# Nonsuch- Blue water?



## serenity4u2 (Aug 1, 2008)

After reviewing Mahina's website on blue water cruisers, I observed many boats are left out. I hear many people praise the Nonsuch 30, 33 and 36 as very big boats for there size. Most reviews I have read state they are a very solid boat.. Never seen one or sailed on one... Asearch on yatchworld seems that most are back east and not out here (PNW)... Although I have no interest in the boat for personal usage- I was looking at the CAT RIG as a plus for ease of single handed sailing. I am wondering if such a rig would make this boat a poor off shore cruiser.. Thanks for any input...


----------



## mikehoyt (Nov 27, 2000)

These were manufactured by Hinterhoeller Yachts in Ontario, Canada in the 1980s. They are nice boats but I am not certain that a single large sail would provide the flexibility required for bluewater sailing.

That being said - they are great boats for coastal cruising and have loads of room inside. our friends have a 26 and the interior is huge! (as is the price, the dispacement, etc... for a26 foot boat)

Mike


----------



## Maine Sail (Jan 6, 2003)

*It's been tried...*

It's been tried a few times and the results were not good. The sail is HUGE making it very tough to handle in high winds or breaking seas and the hulls are relatively flat like a Laser and they will pound fairly hard in big seas.

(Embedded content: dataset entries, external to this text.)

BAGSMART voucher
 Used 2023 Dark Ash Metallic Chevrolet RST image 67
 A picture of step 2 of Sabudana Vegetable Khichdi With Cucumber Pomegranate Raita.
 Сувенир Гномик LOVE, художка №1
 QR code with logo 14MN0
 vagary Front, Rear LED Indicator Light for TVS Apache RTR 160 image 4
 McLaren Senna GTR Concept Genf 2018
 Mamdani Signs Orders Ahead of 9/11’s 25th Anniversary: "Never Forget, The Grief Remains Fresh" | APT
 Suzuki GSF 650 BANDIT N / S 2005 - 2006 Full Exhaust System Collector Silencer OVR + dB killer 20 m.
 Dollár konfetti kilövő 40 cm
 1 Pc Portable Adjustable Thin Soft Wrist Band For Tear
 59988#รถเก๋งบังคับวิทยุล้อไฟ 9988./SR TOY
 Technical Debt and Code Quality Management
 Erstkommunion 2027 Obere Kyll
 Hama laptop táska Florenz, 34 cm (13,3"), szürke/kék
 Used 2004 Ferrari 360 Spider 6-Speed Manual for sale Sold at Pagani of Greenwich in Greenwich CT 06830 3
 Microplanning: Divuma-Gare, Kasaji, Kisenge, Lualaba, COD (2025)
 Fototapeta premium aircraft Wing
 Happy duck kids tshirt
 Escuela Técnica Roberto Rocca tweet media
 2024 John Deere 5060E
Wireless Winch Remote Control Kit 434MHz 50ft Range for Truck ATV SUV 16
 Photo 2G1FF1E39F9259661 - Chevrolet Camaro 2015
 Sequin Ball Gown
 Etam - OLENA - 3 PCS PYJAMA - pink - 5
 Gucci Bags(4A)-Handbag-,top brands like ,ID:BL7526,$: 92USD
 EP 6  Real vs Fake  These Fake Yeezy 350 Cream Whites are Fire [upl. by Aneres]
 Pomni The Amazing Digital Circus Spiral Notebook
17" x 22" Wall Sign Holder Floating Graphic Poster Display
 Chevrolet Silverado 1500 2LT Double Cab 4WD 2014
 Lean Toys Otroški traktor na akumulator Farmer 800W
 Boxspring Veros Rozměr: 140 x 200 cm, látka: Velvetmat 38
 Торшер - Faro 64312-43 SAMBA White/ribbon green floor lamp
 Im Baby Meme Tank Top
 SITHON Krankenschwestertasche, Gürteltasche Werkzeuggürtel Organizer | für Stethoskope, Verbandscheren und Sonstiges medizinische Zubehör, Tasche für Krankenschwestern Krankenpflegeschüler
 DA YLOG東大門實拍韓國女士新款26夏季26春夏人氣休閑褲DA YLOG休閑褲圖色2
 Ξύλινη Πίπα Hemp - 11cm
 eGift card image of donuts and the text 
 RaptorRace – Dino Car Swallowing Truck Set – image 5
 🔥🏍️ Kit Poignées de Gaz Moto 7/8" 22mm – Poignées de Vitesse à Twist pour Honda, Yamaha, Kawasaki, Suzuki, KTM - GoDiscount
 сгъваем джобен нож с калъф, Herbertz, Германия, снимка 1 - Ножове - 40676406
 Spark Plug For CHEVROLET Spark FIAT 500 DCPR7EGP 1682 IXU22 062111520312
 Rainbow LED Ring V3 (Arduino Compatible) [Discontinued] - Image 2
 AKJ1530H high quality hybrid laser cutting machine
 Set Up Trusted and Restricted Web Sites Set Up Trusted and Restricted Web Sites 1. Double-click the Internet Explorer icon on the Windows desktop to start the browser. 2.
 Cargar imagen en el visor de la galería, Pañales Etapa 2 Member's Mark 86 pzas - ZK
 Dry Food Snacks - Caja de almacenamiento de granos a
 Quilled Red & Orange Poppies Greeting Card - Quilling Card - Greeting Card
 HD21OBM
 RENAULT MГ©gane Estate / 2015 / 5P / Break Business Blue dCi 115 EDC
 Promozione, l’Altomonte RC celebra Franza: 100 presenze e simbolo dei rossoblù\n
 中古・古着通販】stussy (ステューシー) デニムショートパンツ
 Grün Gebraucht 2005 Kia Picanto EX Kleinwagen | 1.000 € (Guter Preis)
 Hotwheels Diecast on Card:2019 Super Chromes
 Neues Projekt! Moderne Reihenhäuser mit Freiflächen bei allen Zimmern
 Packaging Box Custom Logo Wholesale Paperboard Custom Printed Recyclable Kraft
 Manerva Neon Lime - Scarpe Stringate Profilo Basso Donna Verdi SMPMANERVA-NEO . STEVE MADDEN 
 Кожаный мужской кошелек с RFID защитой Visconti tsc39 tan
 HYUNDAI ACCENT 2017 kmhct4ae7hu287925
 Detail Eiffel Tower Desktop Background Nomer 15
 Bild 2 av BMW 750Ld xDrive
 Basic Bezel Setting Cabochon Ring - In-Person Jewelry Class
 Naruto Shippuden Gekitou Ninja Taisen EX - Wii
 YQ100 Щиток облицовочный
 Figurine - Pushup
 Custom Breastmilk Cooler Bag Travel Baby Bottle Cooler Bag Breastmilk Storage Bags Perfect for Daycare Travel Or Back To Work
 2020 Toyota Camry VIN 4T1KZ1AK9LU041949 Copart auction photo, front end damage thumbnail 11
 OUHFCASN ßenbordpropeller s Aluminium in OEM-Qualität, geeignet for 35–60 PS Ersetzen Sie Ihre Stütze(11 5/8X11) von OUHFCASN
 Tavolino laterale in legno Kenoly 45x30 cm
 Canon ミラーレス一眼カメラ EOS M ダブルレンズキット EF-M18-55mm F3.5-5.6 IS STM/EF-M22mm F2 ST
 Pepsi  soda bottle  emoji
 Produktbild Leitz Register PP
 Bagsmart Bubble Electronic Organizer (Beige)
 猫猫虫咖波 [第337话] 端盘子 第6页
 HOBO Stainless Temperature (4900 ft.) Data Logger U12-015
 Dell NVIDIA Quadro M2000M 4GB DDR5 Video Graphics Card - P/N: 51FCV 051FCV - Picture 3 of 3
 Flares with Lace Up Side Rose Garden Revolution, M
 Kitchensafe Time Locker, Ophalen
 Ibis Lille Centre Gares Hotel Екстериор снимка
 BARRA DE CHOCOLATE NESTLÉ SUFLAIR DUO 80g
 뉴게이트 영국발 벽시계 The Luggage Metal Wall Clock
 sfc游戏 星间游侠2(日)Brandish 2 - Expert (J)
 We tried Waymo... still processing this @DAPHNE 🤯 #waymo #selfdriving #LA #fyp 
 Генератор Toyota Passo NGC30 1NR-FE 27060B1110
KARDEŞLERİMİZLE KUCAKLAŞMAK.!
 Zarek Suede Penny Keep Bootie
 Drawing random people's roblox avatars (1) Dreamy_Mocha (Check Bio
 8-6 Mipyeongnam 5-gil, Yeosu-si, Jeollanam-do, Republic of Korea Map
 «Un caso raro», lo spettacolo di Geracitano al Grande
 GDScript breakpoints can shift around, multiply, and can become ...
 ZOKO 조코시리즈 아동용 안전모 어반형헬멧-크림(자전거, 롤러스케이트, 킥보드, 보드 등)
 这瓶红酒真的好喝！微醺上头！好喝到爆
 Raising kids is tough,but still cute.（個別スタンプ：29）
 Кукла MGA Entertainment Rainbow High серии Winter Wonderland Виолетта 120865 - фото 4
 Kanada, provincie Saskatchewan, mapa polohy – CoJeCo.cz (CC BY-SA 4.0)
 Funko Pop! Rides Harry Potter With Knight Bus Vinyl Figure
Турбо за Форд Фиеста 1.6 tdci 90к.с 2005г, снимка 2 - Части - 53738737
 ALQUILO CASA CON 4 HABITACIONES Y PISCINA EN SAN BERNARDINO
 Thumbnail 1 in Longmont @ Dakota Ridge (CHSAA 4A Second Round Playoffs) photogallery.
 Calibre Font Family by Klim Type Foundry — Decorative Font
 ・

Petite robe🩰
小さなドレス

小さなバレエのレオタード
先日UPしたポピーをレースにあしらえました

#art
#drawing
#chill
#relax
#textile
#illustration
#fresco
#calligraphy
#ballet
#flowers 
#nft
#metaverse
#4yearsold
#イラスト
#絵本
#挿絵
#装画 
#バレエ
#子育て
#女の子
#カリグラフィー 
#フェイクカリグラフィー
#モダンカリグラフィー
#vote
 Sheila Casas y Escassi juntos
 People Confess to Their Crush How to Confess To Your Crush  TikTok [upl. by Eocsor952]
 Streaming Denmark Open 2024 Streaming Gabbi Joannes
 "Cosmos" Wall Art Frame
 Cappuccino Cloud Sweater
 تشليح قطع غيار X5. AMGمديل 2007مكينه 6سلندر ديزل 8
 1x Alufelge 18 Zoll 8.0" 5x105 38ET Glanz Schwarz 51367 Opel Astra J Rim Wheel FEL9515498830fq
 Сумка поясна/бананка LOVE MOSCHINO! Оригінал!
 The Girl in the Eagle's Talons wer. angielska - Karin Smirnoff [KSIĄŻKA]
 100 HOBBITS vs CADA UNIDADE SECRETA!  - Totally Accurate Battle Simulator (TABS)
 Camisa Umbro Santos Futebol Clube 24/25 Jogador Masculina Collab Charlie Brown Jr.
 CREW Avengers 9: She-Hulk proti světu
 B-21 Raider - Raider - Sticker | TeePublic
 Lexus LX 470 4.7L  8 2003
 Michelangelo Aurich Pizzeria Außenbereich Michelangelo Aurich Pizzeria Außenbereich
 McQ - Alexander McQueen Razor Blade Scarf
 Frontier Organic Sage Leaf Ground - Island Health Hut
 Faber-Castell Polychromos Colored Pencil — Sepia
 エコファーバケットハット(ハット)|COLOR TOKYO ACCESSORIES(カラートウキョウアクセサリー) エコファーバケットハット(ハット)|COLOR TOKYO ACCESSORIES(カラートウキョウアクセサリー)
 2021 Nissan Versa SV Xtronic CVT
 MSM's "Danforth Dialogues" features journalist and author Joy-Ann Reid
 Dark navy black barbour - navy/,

While they are built to a very high standard, the design, notably the rig and single sail, don't make them the best choice for a extended blue water sailing. I'm sure the hull could survive just about anything but you may not trying to man handle that sail in 50+...


----------



## Vasco (Sep 24, 2006)

A guy from Toronto tried to circumnavigate with one. Unfortunately he lost the main (and only) halyard and drifted towards Antartica. He was finally rescued but the boat stayed afloat and ended up in South America. It was a borrowed boat and I think the owner eventually got it back. There was a book written about it but I can't remember the title. These boat's are strong but the rig is a bit much. By the way, they are not as easy to sail as they claim - the "only one line bit". There is also a choker line. Also when you reef the bunt in the "cradle" catches a lot of wind.


----------



## anchorsaweigh (Aug 19, 2000)

*Not easy to sail? I beg to differ...*



Vasco said:


> By the way, they are not as easy to sail as they claim - the "only one line bit". There is also a choker line. Also when you reef the bunt in the "cradle" catches a lot of wind.


The lines for a Nonsuch:

1 Halyard
1 Sheet
2 First reef
2 Second reef
1 Choker
1 Topping lift

You have one sheet to tend. You may have to adjust the choker (outhaul for you sloop-riggers) occasionally. Reefing is simple and I, nor anyone else I know who owns one, have never had a problem with the reefed sail in the lazyjacks.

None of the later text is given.